A ministra também deferiu os pedidos do PGR para que o ministro e possíveis envolvidos sejam ouvidos, assim como prefeitos que relataram a suposta cobrança de propina para a liberação de recursos, além de determinar a expedição dos autos à Polícia Federal e estabelecer um prazo máximo de 30 dias para diligências pela autoridade policial.
"Há de se investigar e esclarecer, de forma definitiva, a materialidade e a autoria das práticas com elementos objetivos e subsídios informativos definidos nos termos da legislação vigente, para se concluir sobre a autoria, os contornos fáticos e as consequências jurídicas a serem determinadas pelas condutas descritas na notícia de crime informada pela Procuradoria-Geral da República", diz a ministra, na decisão.
"As circunstâncias expostas, que evidenciariam ocorrência de práticas delituosas a serem apuradas com o prosseguimento de ação penal pública incondicionada, tornam indispensável, segundo a manifestação do Ministério Púbico, o aprofundamento da investigação dos noticiados crimes", argumenta Cármen Lúcia na peça.
Na quinta-feira, o procurador-geral encaminhou o pedido de abertura de investigação, a partir de representações protocoladas na PGR, após reportagem do jornal Folha de S.Paulo na segunda-feira.
O jornal divulgou áudio em que o ministro afirma priorizar, após atender localidades com necessidade, prefeituras cujos pedidos de liberação de verba sejam negociados por dois pastores, prática que ocorreria a pedido do presidente Jair Bolsonaro, em vez de seguir critérios objetivos e técnicos. Na gravação, Milton também cita pedidos de apoio supostamente direcionados para construção de igrejas.
No pedido enviado ao STF, Aras mencionou outras reportagens sobre o assunto, incluindo denúncia de um prefeito de que um dos pastores teria pedido "1 quilo de ouro" como pagamento por demanda atendida.

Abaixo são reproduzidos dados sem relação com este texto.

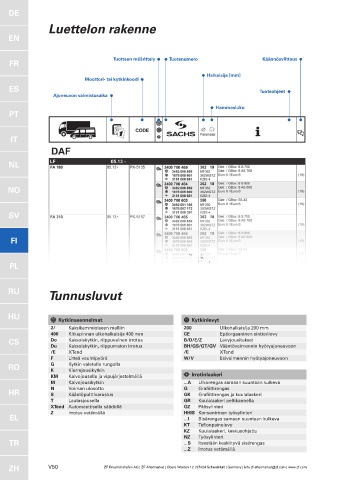 Catalogs auto parts for car and truck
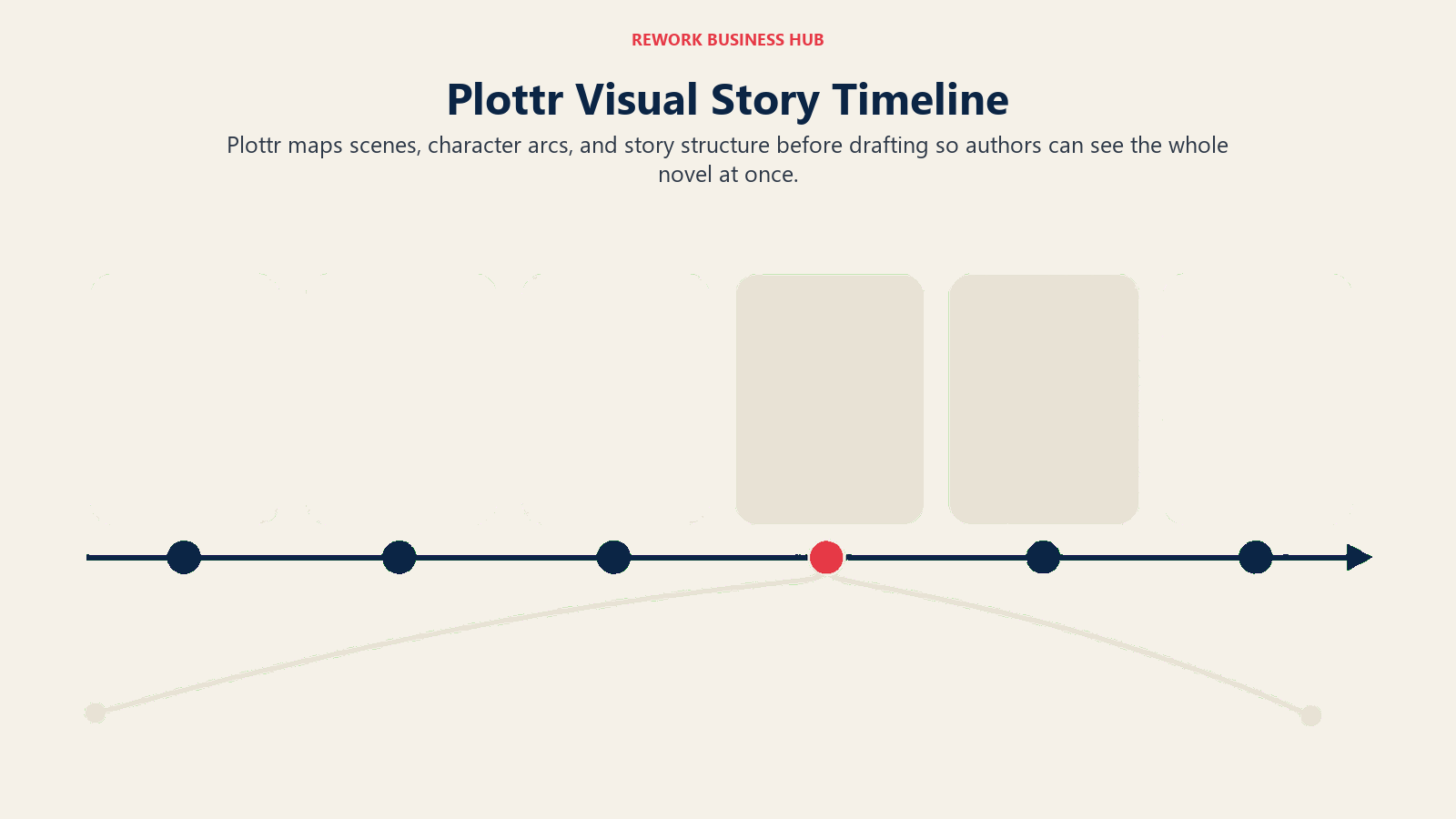 Plottr visual story timeline with scene cards and a character arc mapped before drafting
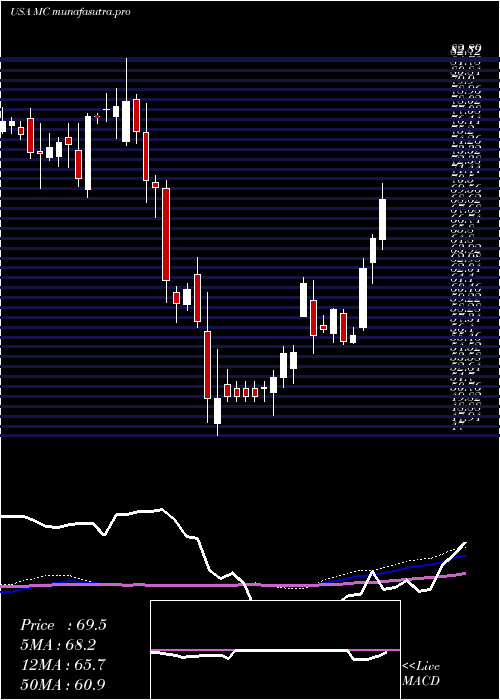 weekly chart MoelisCompany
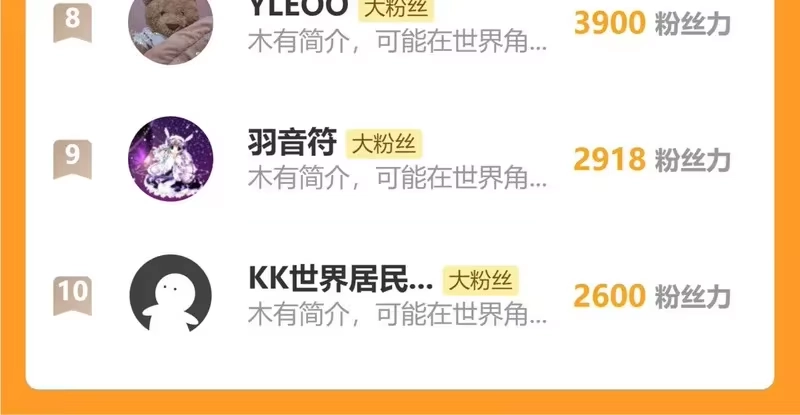 步天歌_h 第151话 各自的决定 第74页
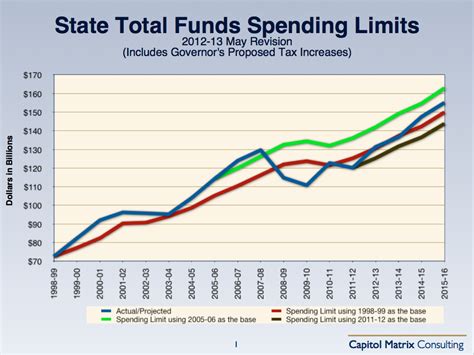 California Budget Historical Chart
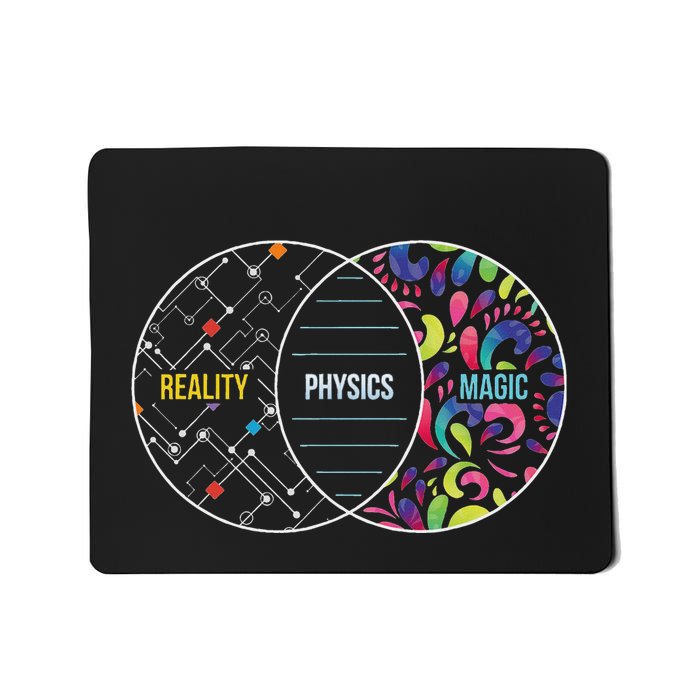 Physics Like Magic But Real Funny Physics Word Game Mousepad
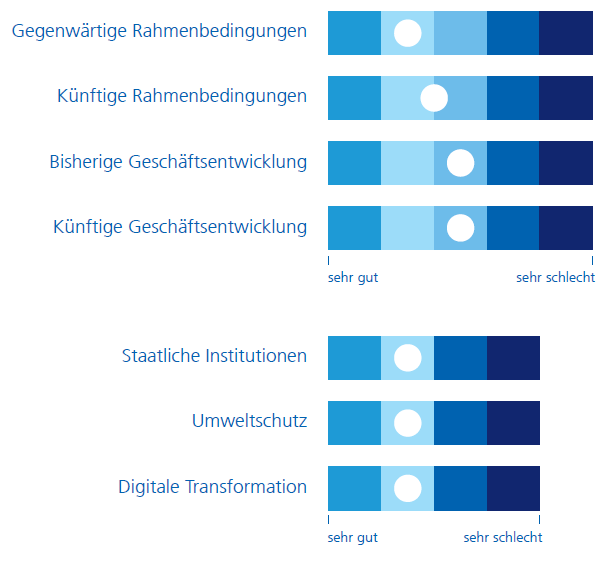 KMU ZH Monitor: Übersicht der Schlüsselwerte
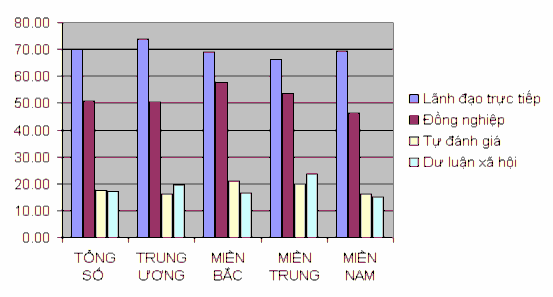 Đồ thị 2 21 Kết quả điều tra lựa chọn nhân tố đánh giá 111 Việc đánh 6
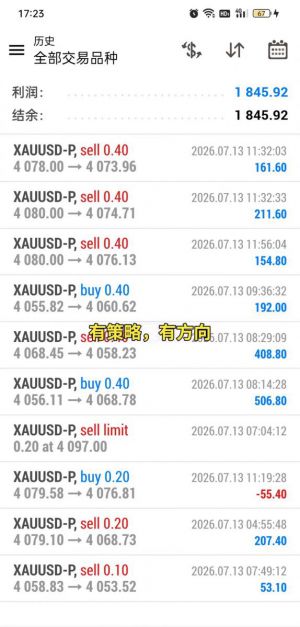 半自动量化思路，不用全天盯盘拿波段
今日黄金多空全部止盈，累计收益 1845-EAHub外汇论坛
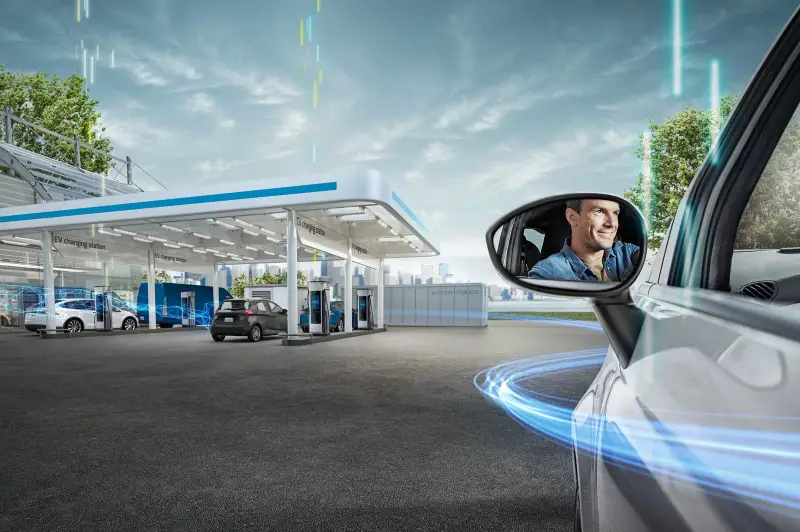 SIEMENS eMobility Electric Vehicle Charging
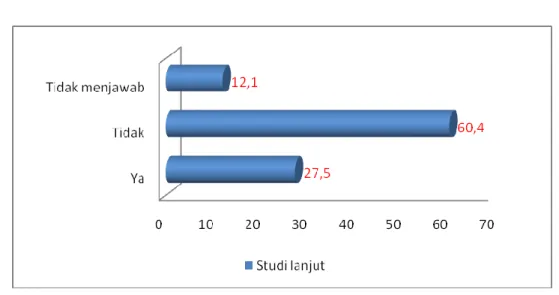 Gambar 4.7 Status Studi Lanjut Setelah Lulus 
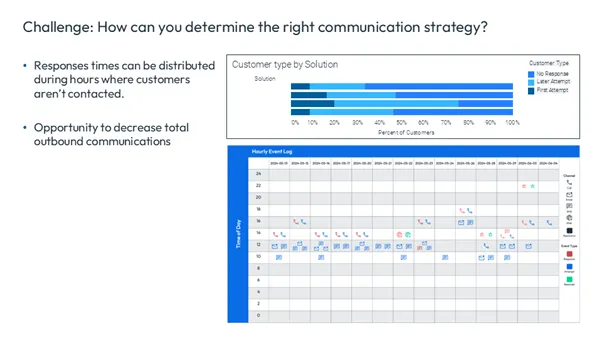 AI Debt Collection charts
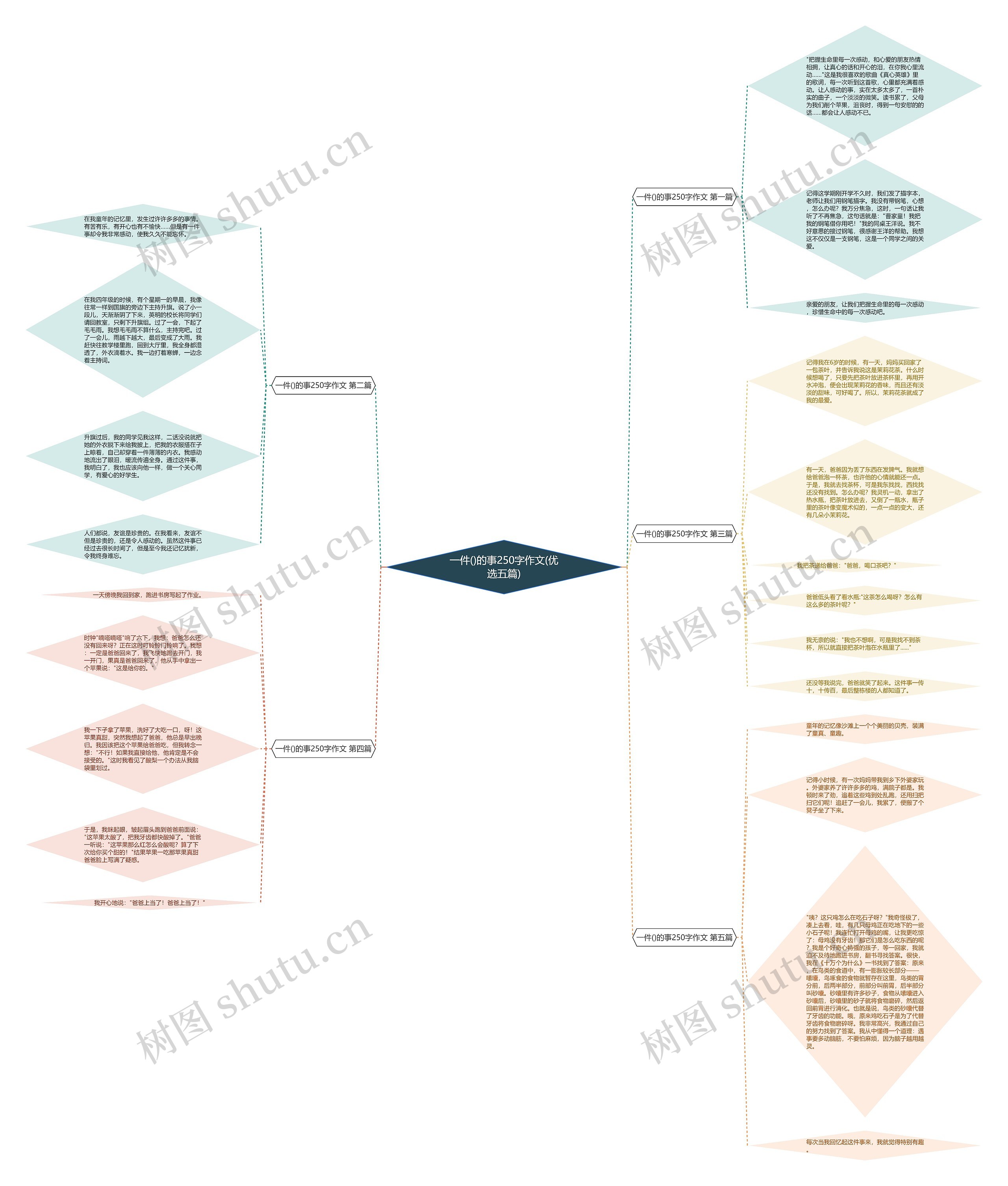 一件()的事250字作文(优选五篇)思维导图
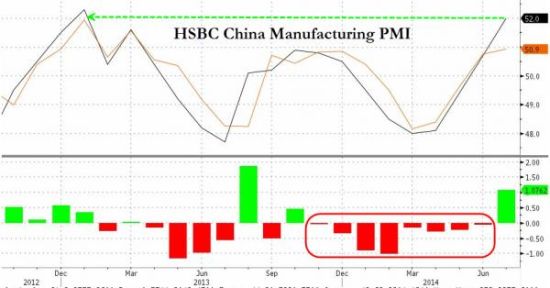 中国7月汇丰制造业PMI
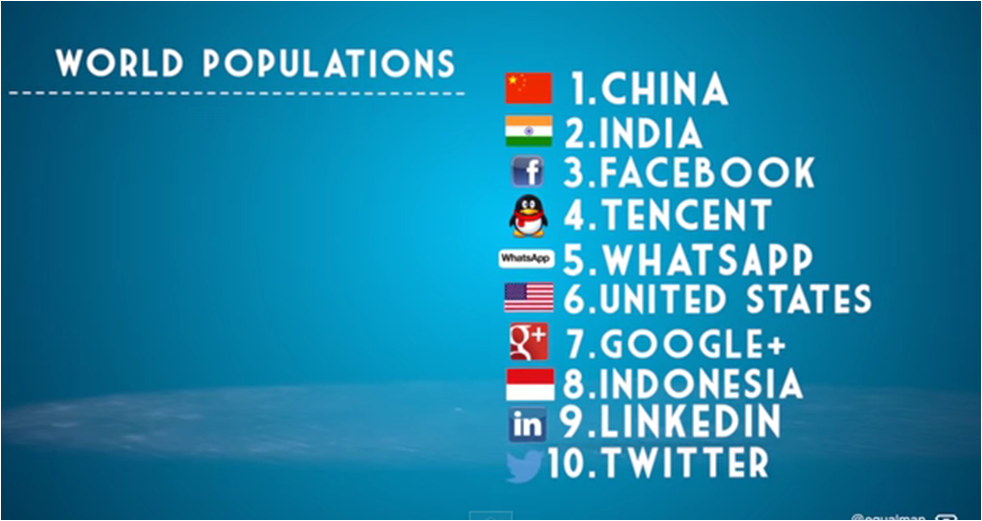 The New Ranking of World Populations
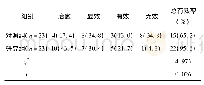 表1 两组患者的手术效果对比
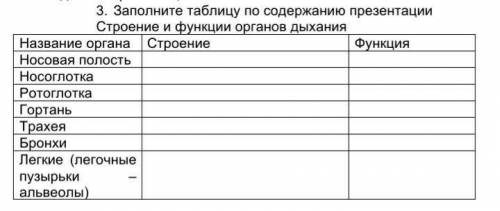 Ближайшая таблица. Заполнить таблицу близкие родственники. Таблица близких людей.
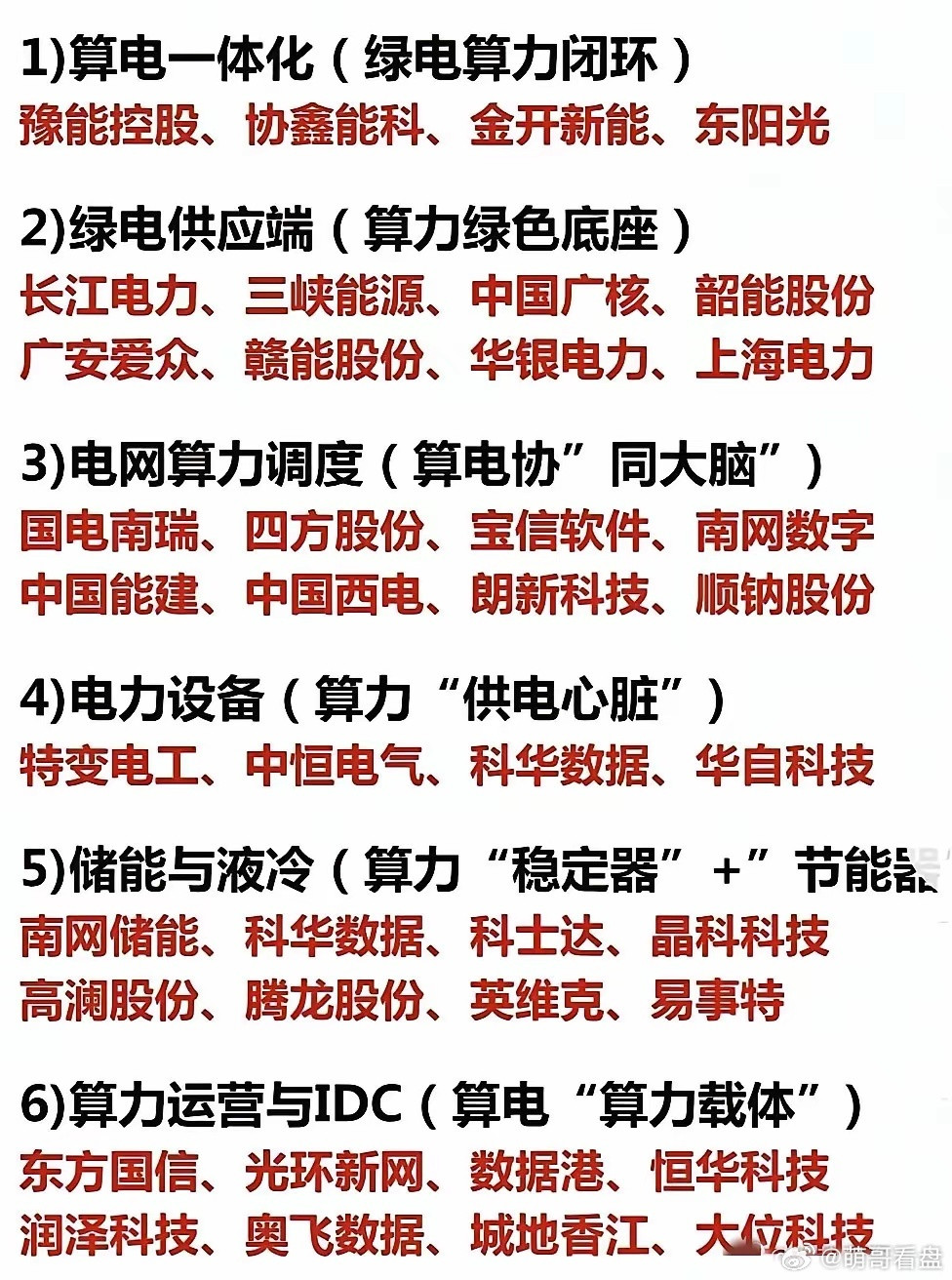 算电一体化这新赛道太有看头了！算力运行耗电惊人，训练一次千亿参数大模型，耗电量抵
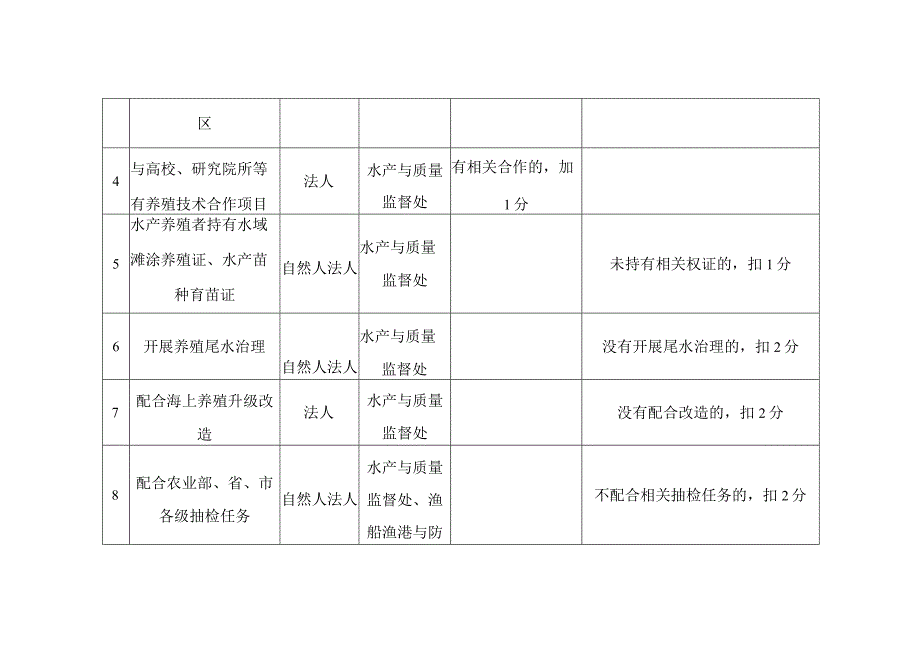 福州市渔业行业信用评分标准.docx_第2页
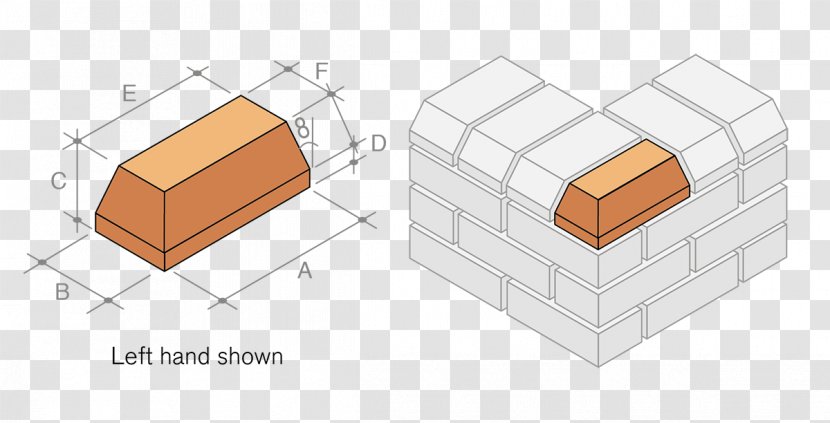 Brick Tile Pedestal /m/083vt Forterra Plc - Internal Angle - Special-shaped Transparent PNG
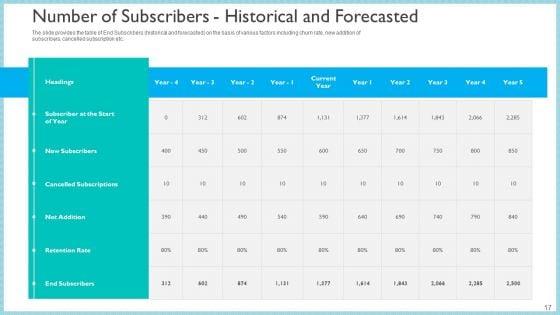 Investor_Pitch_Deck_To_Generate_Capital_From_Initial_Currency_Offering_Ppt_PowerPoint_Presentation_Complete_Deck_With_Slides_Slide_17.jpg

Em nota divulgada na terça-feira, o ministro nega qualquer pedido da parte do presidente da República e afasta a possibilidade de ele determinar a alocação de recursos para favorecer ou prejudicar qualquer município ou Estado.
Em entrevista na quarta-feira, Ribeiro voltou a negar que tenha cometido qualquer irregularidade na liberação de recursos a prefeituras, mas revelou que, após ouvir um comentário e receber uma denúncia anônima, pediu à Controladoria Geral da União (CGU) que investigasse mediações suspeitas envolvendo intermediários entre o ministério e prefeitos.
COVARDIA
Mais tarde, na tradicional transmissão ao vivo por redes sociais que costuma fazer semanalmente, Bolsonaro repetiu seu discurso de que não há corrupção no governo porque foram tomadas providências sobre as denúncias.
Também argumentou que a pedido do próprio ministro o caso foi investigado --primeiro pela CGU e remetido à Polícia federal.
Ele aproveitou, ainda, para parabenizar a ministra do STF pela decisão, afirmando que é de seu interesse --e do ministro-- que os fatos sejam esclarecidos.
O presidente afirmou que fazem uma "covardia" contra o ministro e reclamou, sem citar nomes ou detalhes, de pressão que estaria sendo feita para que ele seja retirado do comando da pasta.
"Eu boto a minha cara no fogo pelo Milton, minha cara toda no fogo pelo Milton", disse Bolsonaro na live.
"Tem gente que fica buzinando, faz chegar para mim: 'manda o Milton embora, já tenho um bom nome para botar aí'... Mas não fala publicamente", relatou o presidente.